Davalılardan C. Genelev patronu, davacı bu evde çalışan hayat kadını, diğer davalı M. ise patronun şoförüdür. Tüm dosya içeriğine ve özellikle birlikte değerlendirilen tanık beyanlarına göre davacı işini Tireden İzmir’e nakletmeyi arzu etmekte, ancak davalı C. kendisine iyi gelir sağlayan sermayesi davacıyı kaybetmek istememektedir.

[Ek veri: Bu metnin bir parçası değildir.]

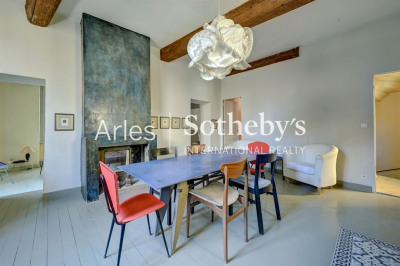 Appartement 5 pièces 117 m²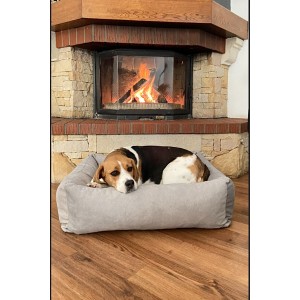 Legowisko 80x60 cm łatwo...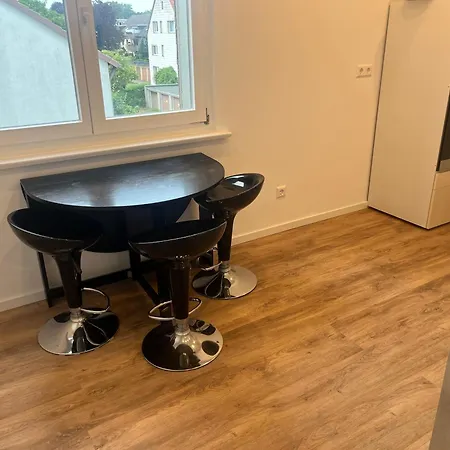 Hannover-misburg Pensionat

Bu aşamada davalılar davacıyı kendilerine karşı eksikli ve bağımlı bırakmak hususunda kararlı, hesaplı bir iş ve eylem birliği içindedirler. Davacı Tirede bağımsız bir evde paydaştır. Davalılardan C., davacıyı, çekişmeli evdeki payını satarak İzmir’de bir ev aldıktan sonra oraya yerleşmesinin yararına olacağı, kendisinin de bu konuda yardımcı olacağı vaadi ile kandırıp hileye düşürerek davacının, diğer davalı ve özel şoförü olan M.’yi taşınmaz mal satışında yetkili kılan vekâletname düzenlenmesini sağlamıştır.
Davacı kendisine İzmir’de ev alınacağına ilişkin tatlı düşünü sürdürmekte devam ederken de el ve işbirliği içerisinde bulunan davalılar hiç zaman kaybetmeden hemen hareketle vekâletnamenin verildiği günden iki gün sonra davalı M. vekil sıfatıyla dava konusu taşınmazı kendisinin de patronu olan davalı C.’ye taşınmazı davacıya ödendiği dahi anlaşılmayan düşük bir bedel karşılığı temlik etmiştir.
Bu itibarla tarafların sosyal durumları ve özellikle davacının toplum kimsesizliğe ve terk edilmişliğe itilmiş durumu itibariyle kandırılmaya çok müsait olacağı kuşkusuzdur. Soruna bu yönden bakılıp yaklaşılacağından davalıların el ve işbirliği içerisinde hareket ederek davacının çevresinde oluşturdukları olumsuz ortamdan yararlanarak vekilin dürüstlük kurallarını ve günün ekonomik koşullarını göz ardı ederek vekâlet görevini kötüye kullanmak suretiyle ve davacının zararına çekişmeli taşınmazın temlikini sağladıkları duraksanmayacak biçim de açıktır. Aksinin kabulü hayatın olağan akışına ters düşer. Hal böyle olunca, mahkemece davanın kabulü gerekirken yazılı olduğu üzere yanılgılı değerlendirme ile redde dilmesi isabetsizdir. Bu yöne değinen temyiz itirazı yerindedir. Kabulü ile hükmün belirtilen nedenden ötürü BOZULMASINA, oybirliği ile karar verildi (Y. 1. HD. 28.2.1981 T. 1986/2566 E. 1986/2201 K.).